Armenian Government 'Lacking Mandate' To Mend Ties With Turkey

Collapse
X
 
  • Filter
  • Time
  • Show
Clear All
new posts

  • Armenian Government 'Lacking Mandate' To Mend Ties With Turkey

    ARMENIAN GOVERNMENT 'LACKING MANDATE' TO MEND TIES WITH TURKEY
    Ruben Meloyan

    RFE/RL
    28.04.2009

    Levon Zurabian, a leader of the opposition Armenian National Congress.

    Armenia's government will fail to sell any ground-breaking agreements
    with Turkey to the domestic public as long as it holds dozens of
    "political prisoners" and refuses to engage in dialogue with its
    political opponents, the main opposition Armenian National Congress
    (HAK) said on Tuesday.

    "It is impossible to carry out a process of Turkish-Armenian
    reconciliation, which requires serious public support, without
    a process of internal Armenian reconciliation," said Levon
    Zurabian, a top HAK representative. "Today any consideration of the
    Turkish-Armenian roadmap is meaningless. One must first consider a
    roadmap for internal national reconciliation."

    Zurabian referred to the April 22 statement by the Armenian and Turkish
    foreign ministries on a gradual normalization of strained relations
    between the two neighboring states. Both the HAK and another major
    opposition force, the Zharangutyun party, have demanded the immediate
    disclosure of the "roadmap" announced by the two ministries. The
    Armenian authorities have so far refused to do that.

    According to Zurabian, although the HAK does not trust government
    assurances that the announced framework is good for Armenia, it will
    reserve final judgment on the deal u ntil it is made public. In
    any case, he said, the authorities lack the popular mandate to
    normalize ties with Turkey and accept a compromise solution to the
    Nagorno-Karabakh conflict because of their continuing crackdown on
    the opposition stemming from the troubled presidential election of
    February 2008.

    Zurabian pointed to the continuing imprisonment of 55 opposition
    members arrested in the wake of the vote and "police repressions"
    against other HAK activists. "The authorities do not realize that
    until the domestic political crisis is resolved progress in any
    process fateful for the Armenian people will not be possible," he
    told journalists.

    Echoing statements by the HAK's top leader, former President Levon
    Ter-Petrosian, Zurabian suggested that the authorities are exploiting
    the ongoing rapprochement with Turkey and the Karabakh peace process to
    get the West to "turn a blind eye" to their poor human rights record.

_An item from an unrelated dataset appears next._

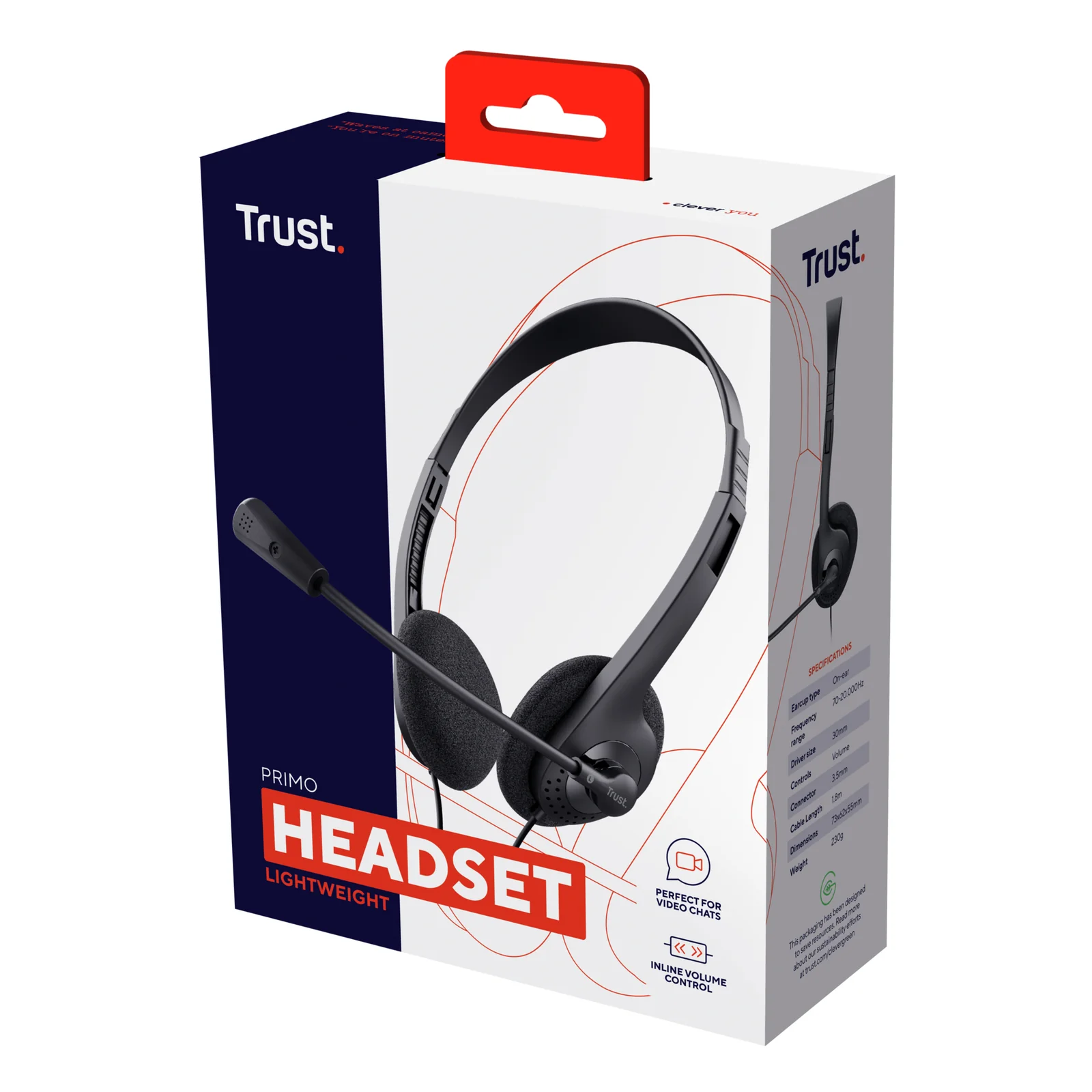 Boîte d'emballage Trust Headset, carton noir avec fenêtre produit et logo Trust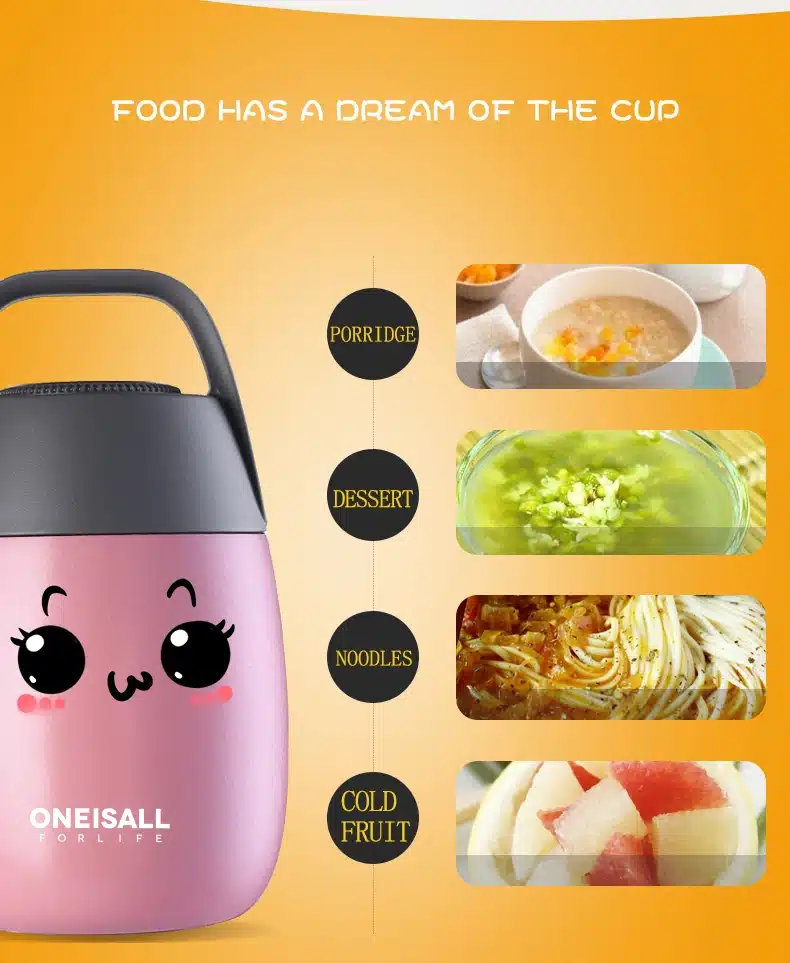 Premium Quality Food Flask Thermos Food Container Thermos Bottle for Soup with Thermo Bag Vacuum flask Insulated Stew Pot 54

    "We have serious reason to suspect that the processes of
    Turkish-Armenian reconciliation and Karabakh settlement are used by
    Serzh Sarkisian for securing the international community's support
    or consent for crushing the opposition," he said.

    The Turkish-Armenian dialogue and Karabakh talks were on the agenda
    of Zurabian's meeting late on Monday with the visiting U.S. Deputy
    Assistant Secretary of State Matthew Bryza and Marie Yovanovitch,
    the U.S. ambassador to Armenia. Yovanovitch held a separate meeting
    with Ter-Petrosian on April 22, in a further sign that Washington finds
    opposition support important for the success of the Turkish-Armenian
    and Armenian-Azerbaijani talks.

    "It's a time when Armenia needs unity," Bryza told RFE/RL on Monday. "I
    hope that the entire country will remain unified or will become unified
    in supporting an agreement that will improve everyone's life," he said.

    Chances of such unity decreased further on Monday as the Armenian
    Revolutionary Federation (Dashnaktsutyun) announced its decision
    to leave Armenia's governing coalition in protest against President
    Sarkisian's conciliatory policy on Turkey. Leaders of the nationalist
    party believe that the year-long dialogue with Ankara has produced
    no tangible results for Yerevan and has only complicated greater
    international recognition of the 1915 Armenian genocide.

    Zurabian described Dashnaktsutyun's exit as a "first sign that this
    regime is not viable" and will show deeper cracks in the coming months.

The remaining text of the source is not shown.